Where I'm okay with using different models is when it's a matter of detail, and you're just making a simplification so that the model runs more smoothly. Ideally, you should still recognize that the same principles are in play, and the outcome of any interaction shouldn't matter too much on the fact that you changed the model.

Of course I'll give you the '4e answer' which is its perfectly fine to model 2 characters differently if it serves the participants' agendas. There is just nothing sacrosanct about putting a PC and an NPC on an even footing. The game is ABOUT the PCs, as you yourself already acknowledged pages back when we talked about the "Anthropic Principle". Once you accept that the game chooses to focus on the "chosen ones" (and even Gygax framed it this way, proving that he'd considered this very point) there's no reason why it should treat them even-handedly. In fact they don't even have to be treated consistently. There really isn't a specific 'formula' for how games must treat characters, all that is really required is the result be entertaining (or whatever, I choose to assume people play to be entertained at some level, though there are times when I have been driven to question that...).
 

That sounds like a very defeatist attitude. Even if it's true, though, that doesn't mean that trying is pointless. Even if there aren't better and more-efficient mechanics that can be discovered, to improve the resolution with smaller complexity costs, you can still find new and innovative combinations along the way. There are an infinite number of points along that sliding scale.

Well, its a matter of tastes in gaming at some point. What is fun for you is not necessarily fun for me, at least not so much anymore. As I said before, nothing about it is 'defeatist' because I'm not defeated. I simply grew in some sense and that growth involved a realization of new and more varied goals. Again, I don't want to cast it as if playing extreme process-sim type games is 'inferior', just that it tends to be a starting point in most gamer's trajectory, and in the trajectory of the hobby as a whole, and then we often move on.
 

Tony Vargas

Legend
I actually really liked a lot of the 4E cosmology.
I did like the idea of the Dawn War, very mythic.

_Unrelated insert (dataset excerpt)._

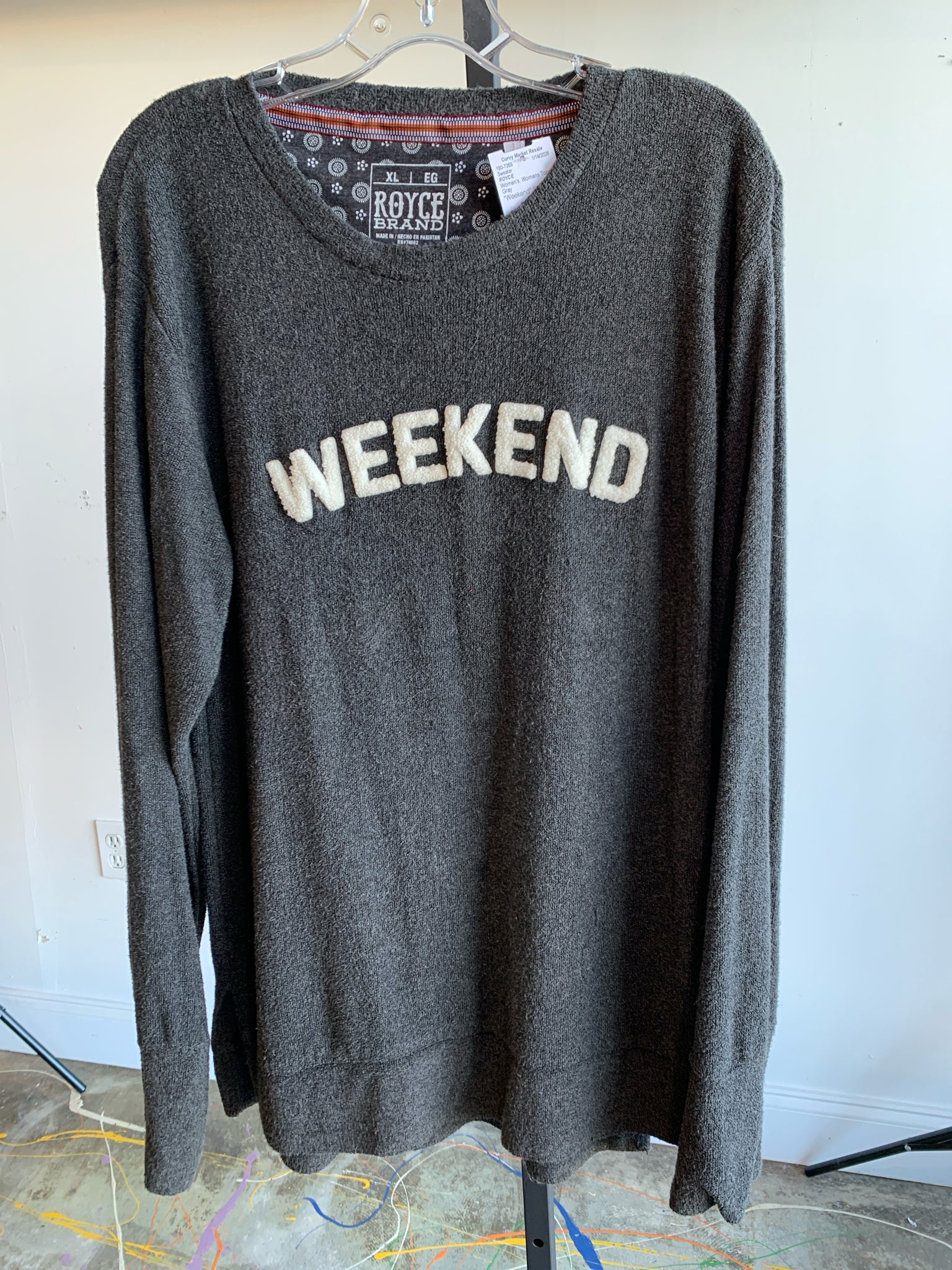 ROYCE Womens Tops Size XL Sweater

I'm not so sure I liked taking the whole 'Points of Light' paradigm to the Astral Sea and having even the heavens screwed up as a result.

I also liked the encounter design ideal of having more moving pieces involved... a party of pcs versus a group of monsters; I liked that a lot more than how 3E encounter design tended to work.
Yes. In 3e you could theoretically use CR to design a larger combat by 'breaking up' the assumed one same-level (or higher level) monster into more lower-level ones. In practice, it didn't work out too well. Similarly, in 5e, bounded accuracy favors the side with greater numbers so profoundly that combats where the PCs are outnumbered become problematic, thus the default monster-exp = encounter-exp-budget brings us back to the single same-level monster as the default encounter.

Not always beating up on some poor monsters you outnumber did help 4e PCs look a little more heroic, or at least a little less home-invadery.